For a few weeks in February if the conditions are just right, for about 10 minutes around sunset, one waterfall in Yosemite National Park looks more like its opposite — a firefall.
“In the over 20 years I have been photographing the firefall and leading workshops there in Yosemite, I have never seen a more spectacular one,” said Michael Mariant, a photographer from Morro Bay, Calif., who leads teaching trips to Yosemite.
The phenomenon occurs if there has been enough snow and rain in the Sierra Mountains to fuel the waterfall, if the skies are clear and if the setting sun strikes the water at an angle that creates the illusion of lava.

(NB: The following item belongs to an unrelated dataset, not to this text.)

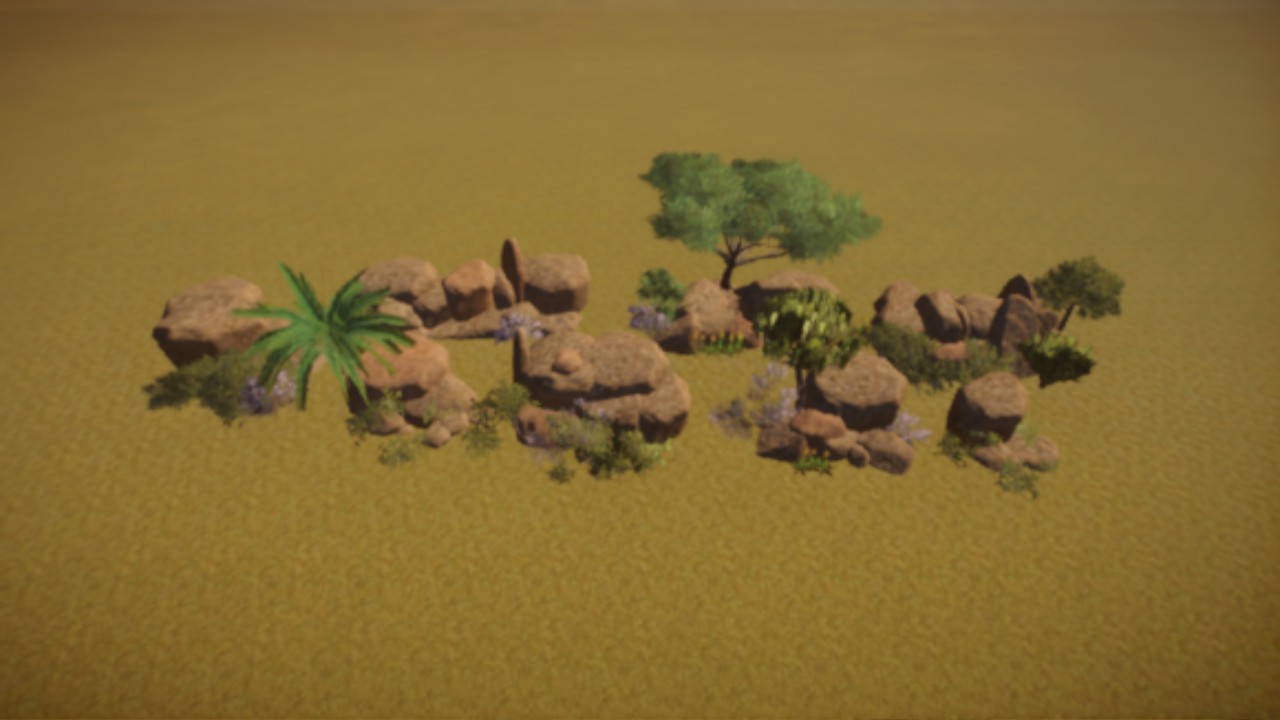 Desert Rock with Africa Flora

Mike Gauthier, the park’s chief of staff, said that he was not sure if it was definitely the best firefall ever. But it certainly trumps the firefall the last few years, when drought turned Horsetail Fall mostly dry.

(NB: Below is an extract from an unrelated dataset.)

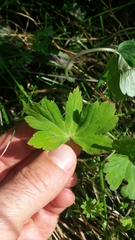 Geranium thunbergii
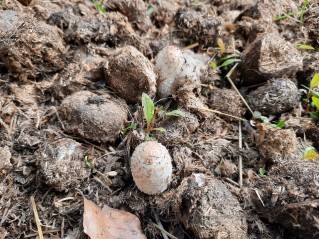 Coprinus comatus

This cascade of glowing water is a natural alternative to another, discontinued Yosemite firefall tradition.
In the 1870s, the owners of a hotel in the park started dumping embersfrom a cooling fire off a cliff. From Curry Village, a camping and lodging area below, this happened to look like a flowing fire, and spectators would gather to marvel at the sight. Mr. Gauthier said that it ended in 1968 because of changes in the way officials thought about national parks — as sites for enjoying the natural world, not places for artificial spectacle.
The current Horsetail Fall phenomenon, traditionally viewed from points east of El Capitan, is expected to last at least for a few more days, according to Mr. Gauthier, when the sun still sets at the golden angle.